An investor checks stock prices at a brokerage in Fuyang, Anhui province. [Photo by Lu Qijian/For China Daily]
The Chinese mainland's stock market dropped sharply on its first trading day in October, due to overseas market fluctuations and uncertainties during the week-long National Day holiday.
The benchmark Shanghai Composite Index slumped 3.72 percent to close at 2716.51 points on Monday, while the Shenzhen Component Index went down 4.05 percent to 8060.83 points.
More than 3,200 stocks, accounting for about 90 percent of the A-share market, closed lower, and the net outflow through stock connect programs reached 9.6 billion yuan ($1.4 billion), the second highest level this year.
A-share investors panicked as stock markets in the United States and Hong Kong dropped considerably during the holiday, which was the major reason for Monday's slump, the Hebei province-based Yuanda Investment Consultancy said.
Over the trading days during the holiday, Hong Kong's flagship Hang Seng Index lost 4.38 percent, while the S&P 500 index and the Nasdaq Composite Index went down 0.97 and 3.21 percent, respectively.
As expectations of a US rate hike strengthened, yields of US treasuries went up during the holiday week, driving the decline in stocks worldwide, according to Yuanda's analysis.
"Escalating global trade uncertainties affected the A-share market on Monday," said Liu Chunsheng, an associate professor at the Central University of Finance and Economics.
Liu said that the cut in the reserve requirement ratio for commercial banks, which was announced by the central bank on Sunday, would support the A-share market amid a recent spate of bad news, as it could improve market liquidity and reduce the financing costs of enterprises.
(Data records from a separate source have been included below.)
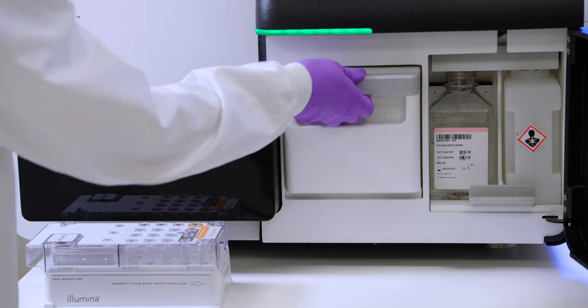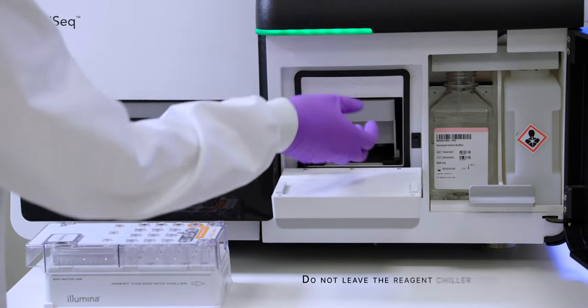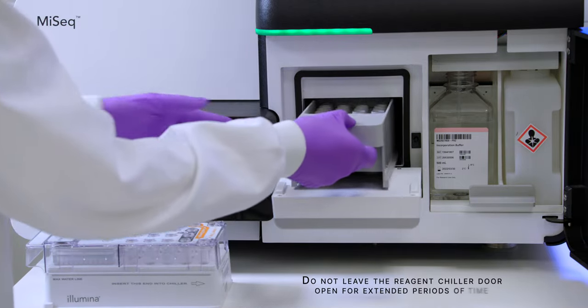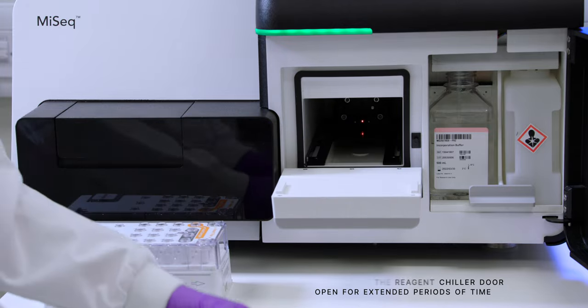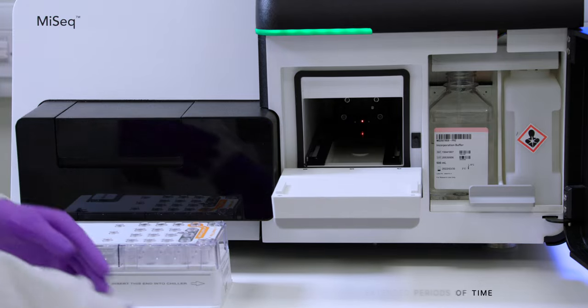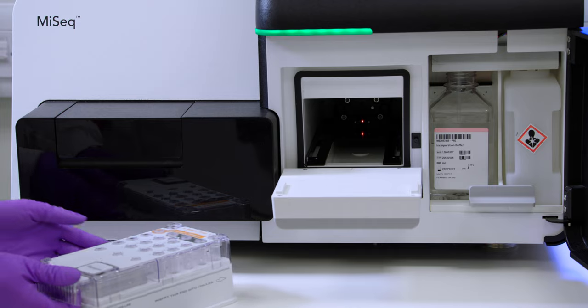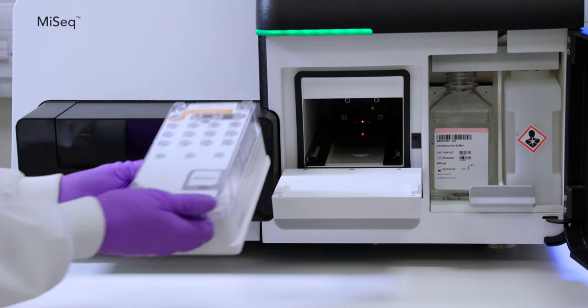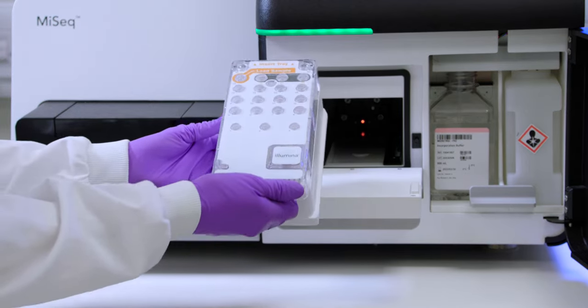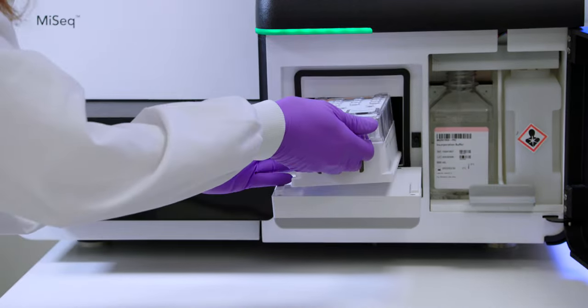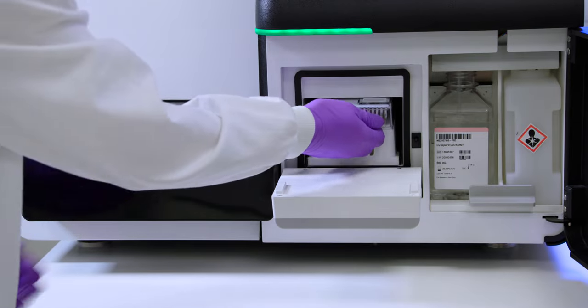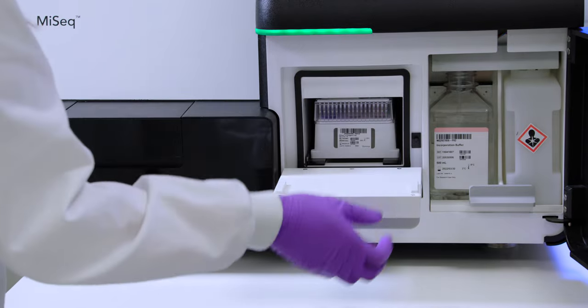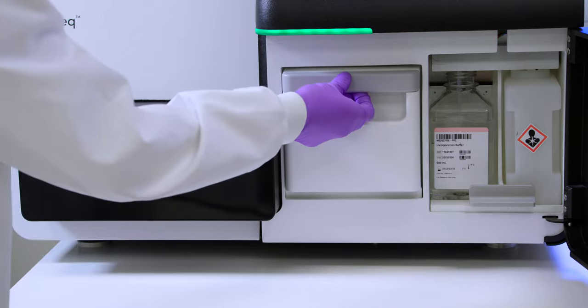Open the reagent chiller door. Hold the reagent cartridge from the end with the Illumina label and slide the reagent cartridge into the reagent chiller until the cartridge stops. Close the reagent chiller door.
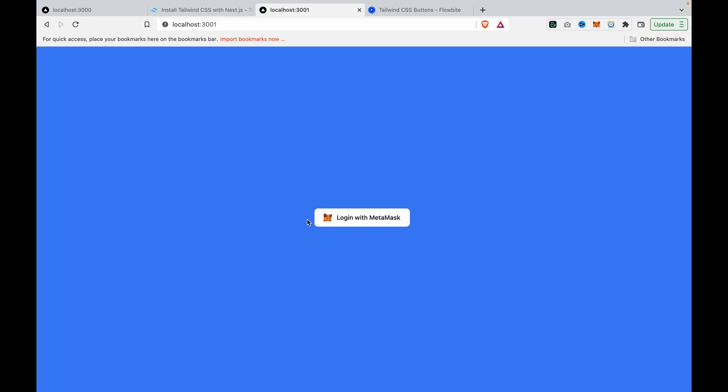The login button is now placed at the center of the page.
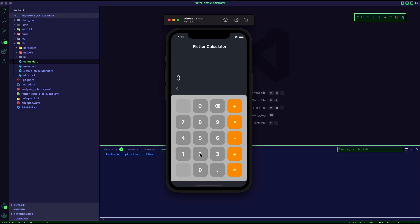Today, I will show you how to use the latest river pod and the freezed packages to build a simple calculator app.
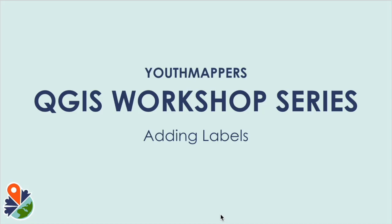Hi everyone! Welcome back to the Youth Mappers QGIS workshop series. In this session, I'm going to be showing you how you can add labels to your map. Let's get started.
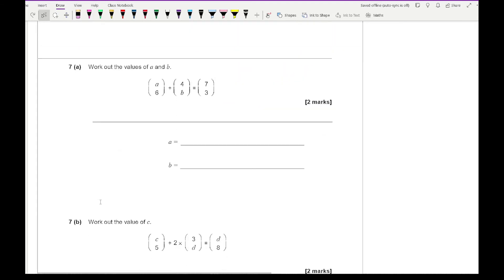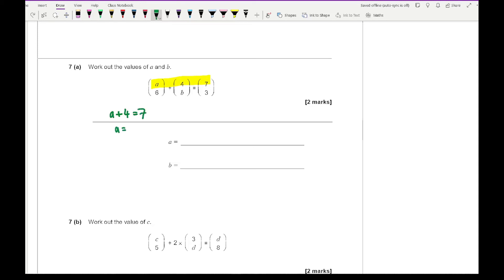Question seven says work out the values of A and B. Looking at the top row, we know that A plus four equals seven, so A equals three. Looking at the bottom row, we have six plus B equals three, so taking away six gives B equals minus three.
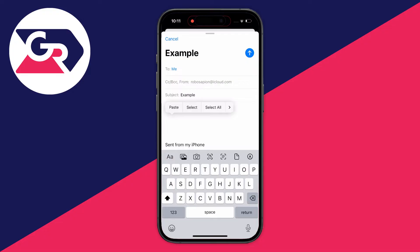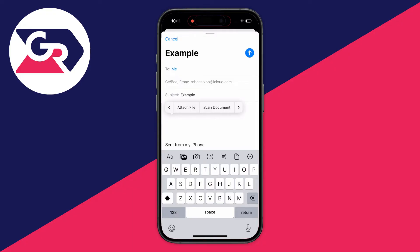You'll need to click on the arrow on the right of it. You may need to click it again until you see the option for either insert photo or video, or tap it again. Then you can attach a file, and you can even scan a document as well.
"The A-share market faces some challenges in the short-term, considering the stronger US dollar, external uncertainties and investors' preferences for low-risk assets," said Zhang Xia, chief strategy analyst at China Merchants Securities Co Ltd.
But with the easing of risks and more supportive polices for the market and the real economy, Zhang was optimistic about the mid and long-term market prospects.